Task details: Return the data verbatim, without pictures.

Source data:
===
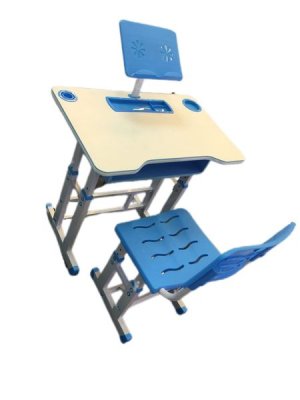 Study Desk &amp; Ergonomic Chair - Blue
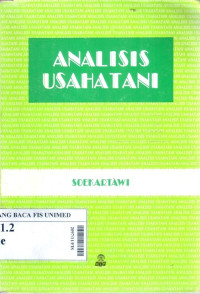 Analisis usahatani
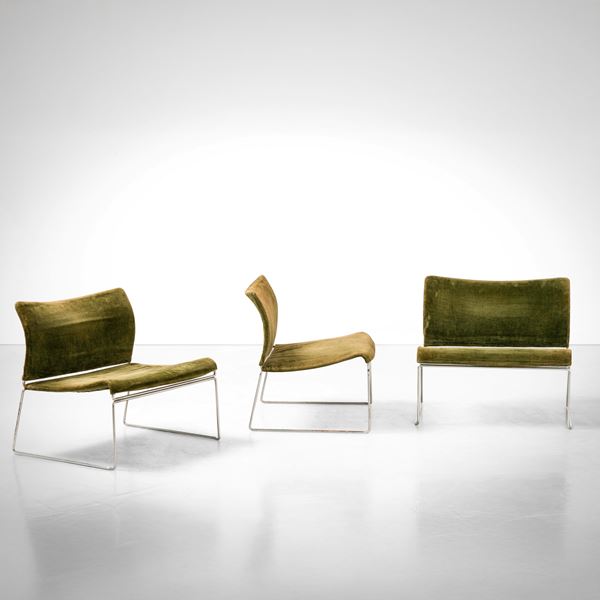 Tre poltrone mod. Saghi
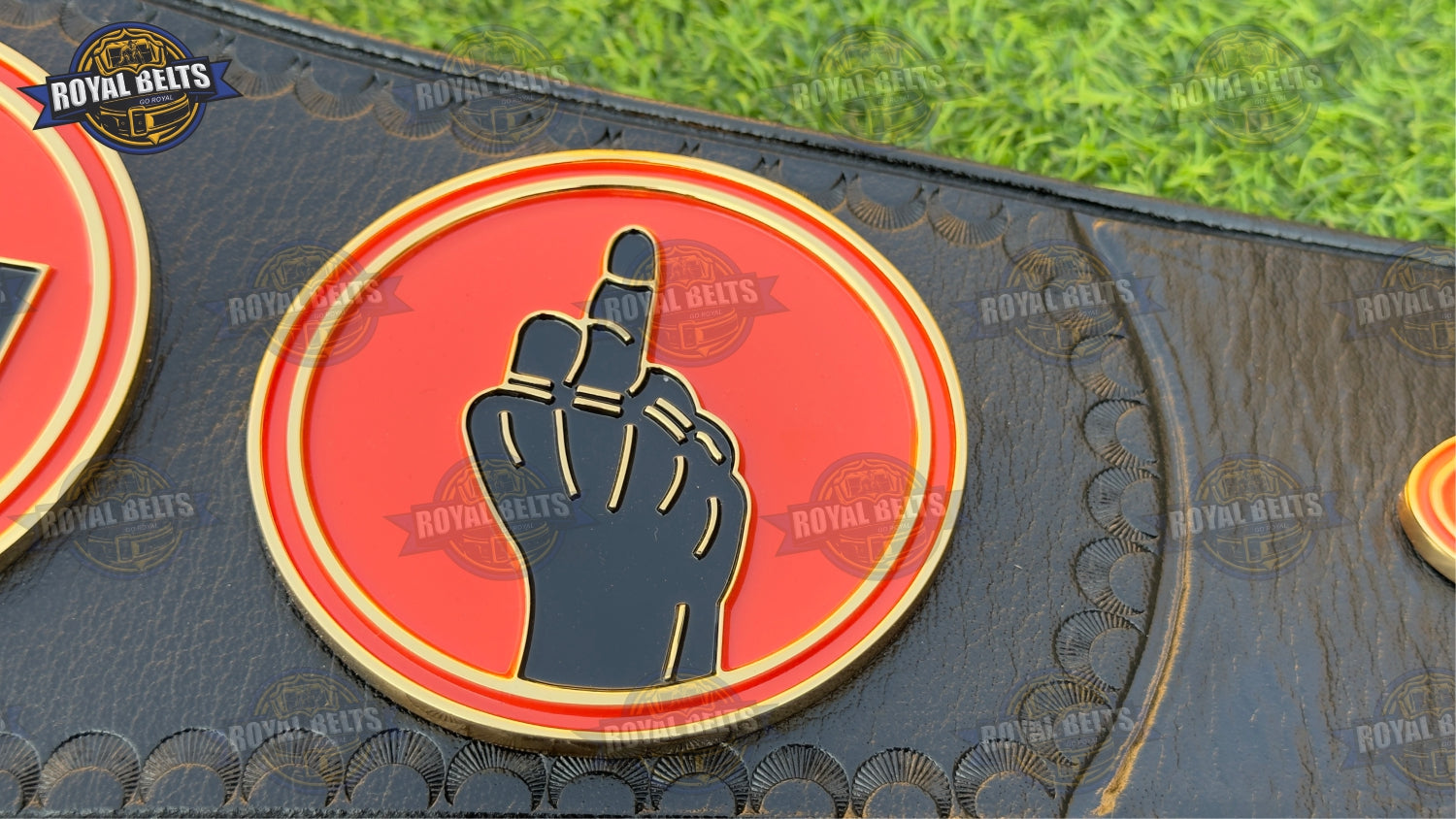 FTW TAZ CNC championship belt featuring smooth edges and high definition engraving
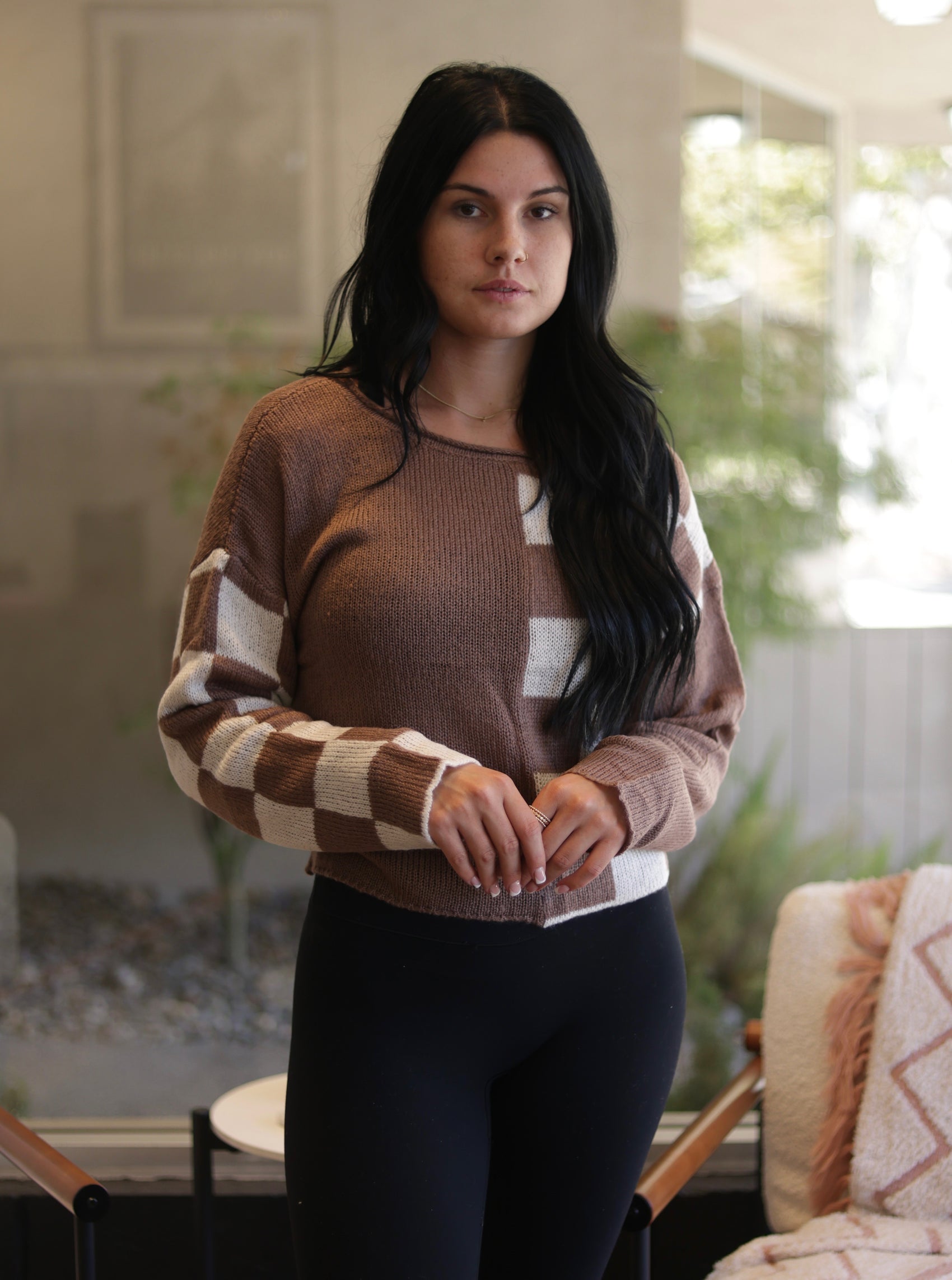 Mari Checkered Sweater - More Colors!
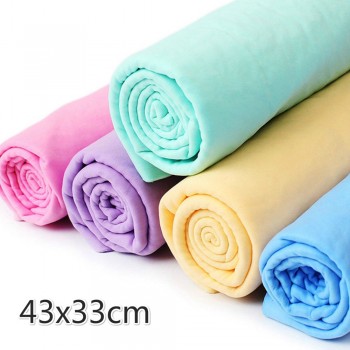 43x33cm PVA Chamois Car Wash Towel Shammy Cloth Car Care Cleaner Home Cleaning Lady Hair Drying Cloth With Box Car Accessories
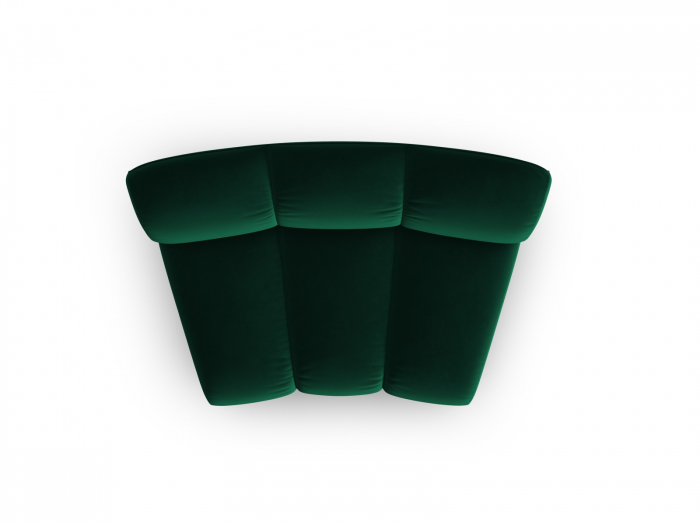 Modul semirotund pentru canapea Lupine cu tapiterie din catifea, verde inchis [4]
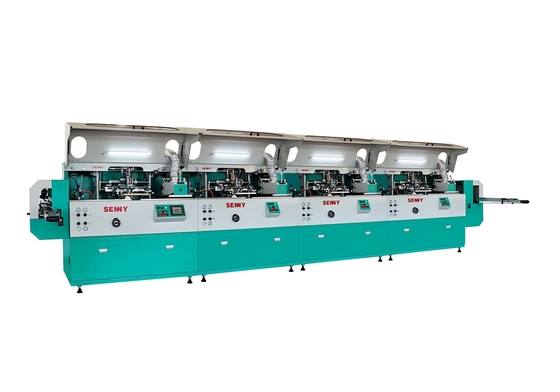4 रंग 300x250 मिमी 6000pcs/Hr ऑटो लेबलिंग मशीन बोतलों के लिए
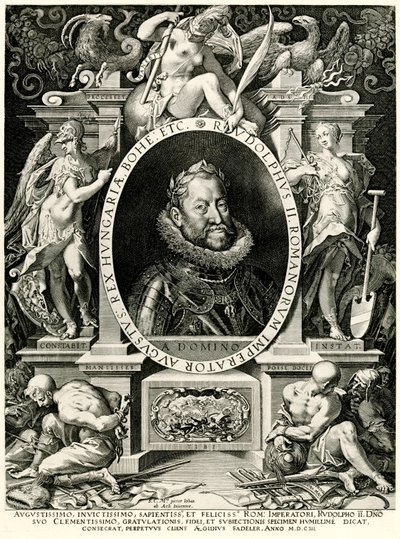 Rudolf II door German School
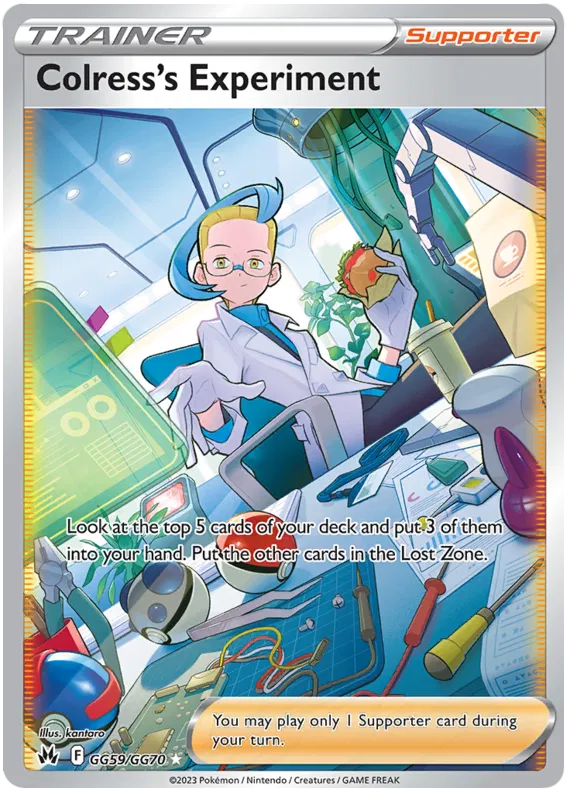 Colress's Experiment Galarian Gallery - Crown Zenith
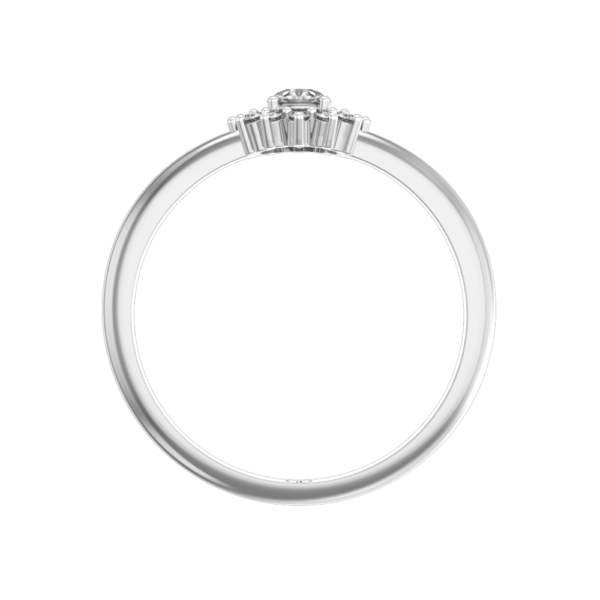 An additional view of the 0.15 Octavia Solitaire Diamond Engagement Ring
===
Response below:
 Study Desk &amp; Ergonomic Chair - Blue
 Analisis usahatani
 Tre poltrone mod. Saghi
 FTW TAZ CNC championship belt featuring smooth edges and high definition engraving
 Mari Checkered Sweater - More Colors!
 43x33cm PVA Chamois Car Wash Towel Shammy Cloth Car Care Cleaner Home Cleaning Lady Hair Drying Cloth With Box Car Accessories
 Modul semirotund pentru canapea Lupine cu tapiterie din catifea, verde inchis [4]
4 रंग 300x250 मिमी 6000pcs/Hr ऑटो लेबलिंग मशीन बोतलों के लिए
 Rudolf II door German School
 Colress's Experiment Galarian Gallery - Crown Zenith
 An additional view of the 0.15 Octavia Solitaire Diamond Engagement Ring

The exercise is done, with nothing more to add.